▶ [TASK MATERIAL]:
————
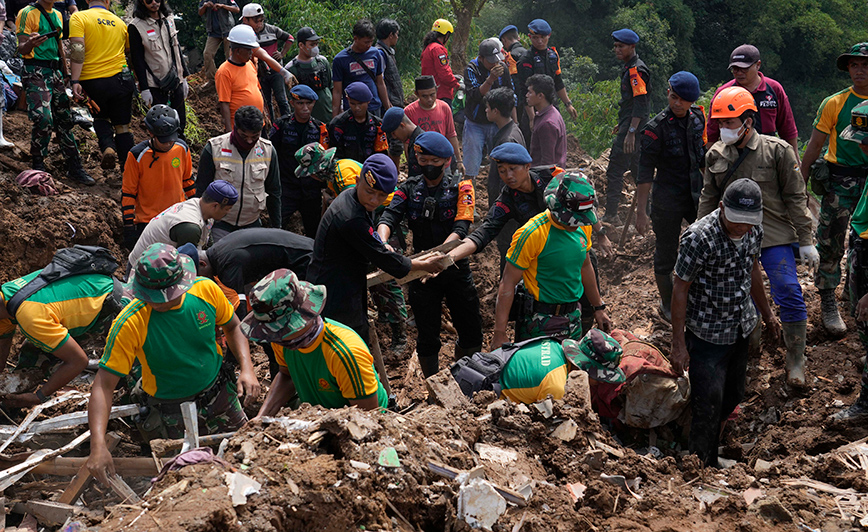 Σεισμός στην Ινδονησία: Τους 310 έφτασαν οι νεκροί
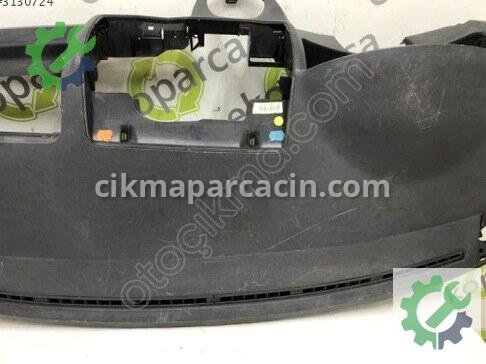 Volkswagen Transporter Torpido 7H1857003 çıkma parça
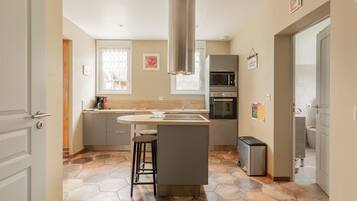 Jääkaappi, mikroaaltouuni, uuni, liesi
————
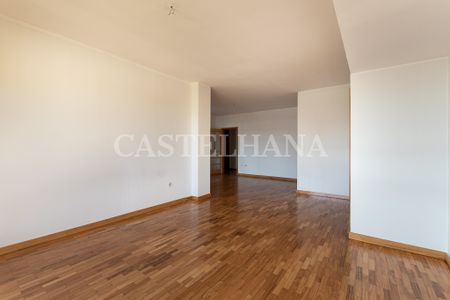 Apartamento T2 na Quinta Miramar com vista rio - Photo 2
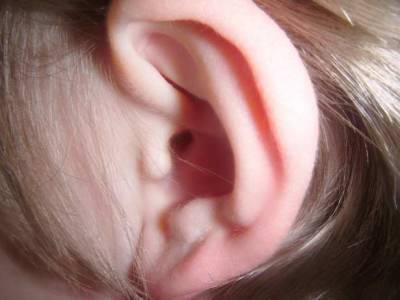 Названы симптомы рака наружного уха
————
▶ [TASK TO CARRY OUT]: In the material above, one part opens with the line containing "Σεισμός στην Ινδονησία: Τους" and closes with the line containing "Jääkaappi, mikroaaltouuni, uuni, liesi". Write out that part exactly and skip its pictures.

▶ [REPLY]:
 Σεισμός στην Ινδονησία: Τους 310 έφτασαν οι νεκροί
 Volkswagen Transporter Torpido 7H1857003 çıkma parça
 Jääkaappi, mikroaaltouuni, uuni, liesi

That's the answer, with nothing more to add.